Let's be clear, there wasn't much of ME left to begin with. Infertility had take its toll on my person and my sanity until I felt like a shadow of my former self. I remember looking in the mirror and not recognizing myself.
Thinking of myself in the third person. Longing for the woman I used to be. Wondering about that stranger with the sad eyes and the mouth in a perpetual frown. Always on the outside looking in.
But after the birth of my daughter, I felt myself becoming whole again. It was as if all the pain and heartache had been erased, and I smiled more. I didn't see a stranger in the mirror.
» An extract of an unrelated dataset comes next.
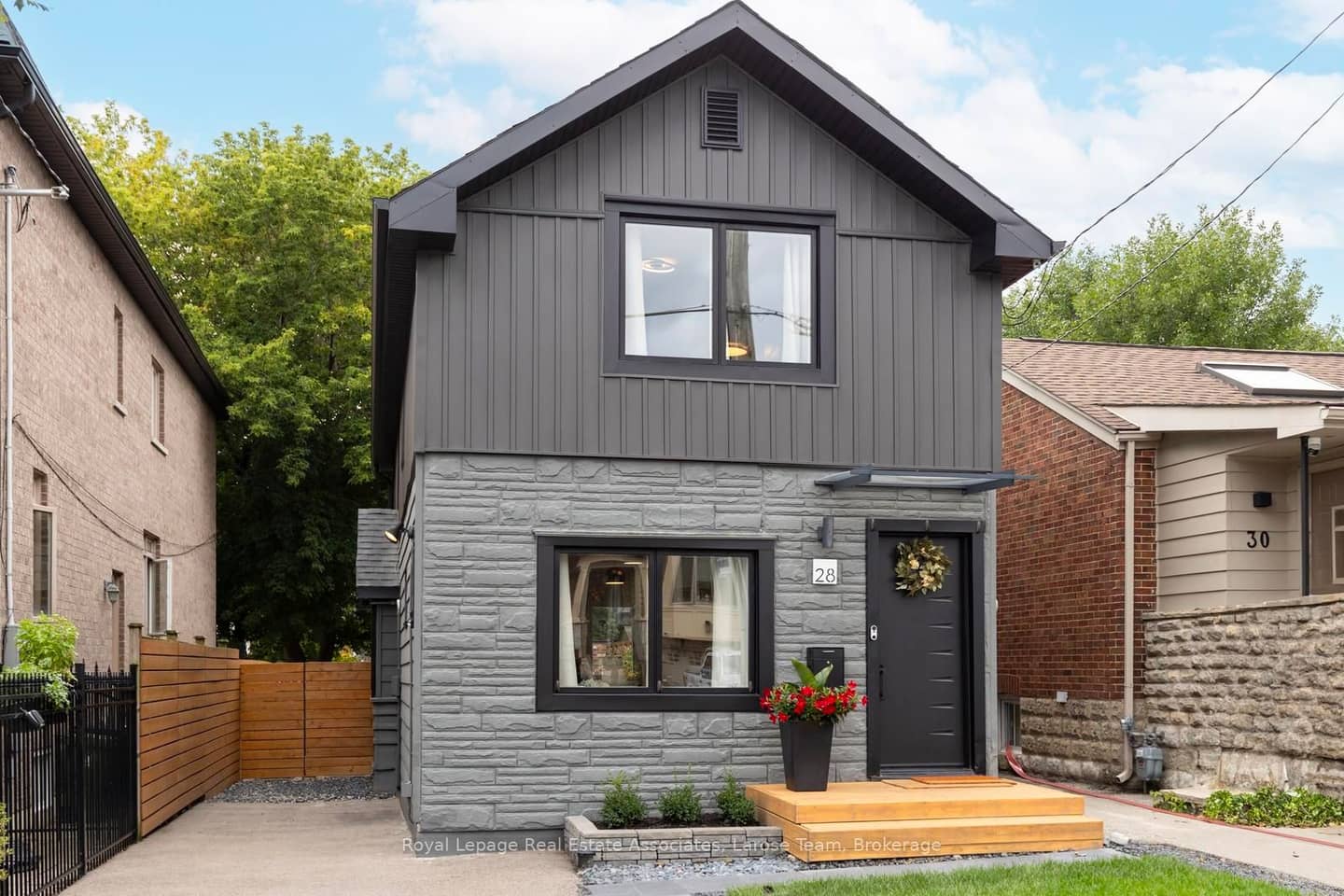 28 Thirtieth Street, Toronto, ON M8W 3B6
Until, one day I realized, I had actually replaced ME with mother. And after years of struggling with the pain and loss of infertility, was that really a bad thing? I am what I have always dreamed of being.
And yet, that small, still, quiet voice within me whispers, "And what of YOU?" And yes, what of ME. The woman I WANT to be.
This summer, as corny and melodramatic and #whitepeopleproblems as it sounds, I want to find myself. I want to feel good in my skin again. I want to focus on me.
And after defining myself as a mother for so long, it feels selfish and indulgent. I feel guilty.
I wonder what it means to find oneself. I can only guess it means something different to everyone. My life is small and wonderful, and I'm not going to find myself backpacking through Europe or trekking through the Himalayas, as exciting and jealousy-inducing as that sounds.
As a teacher, I have the luxury of having two months off. After the obligatory doctor's appointments and home improvement projects, I plan to read and swim and just BE.
At the end of the summer, I hope to have more that three things on my list of Things I Do Well.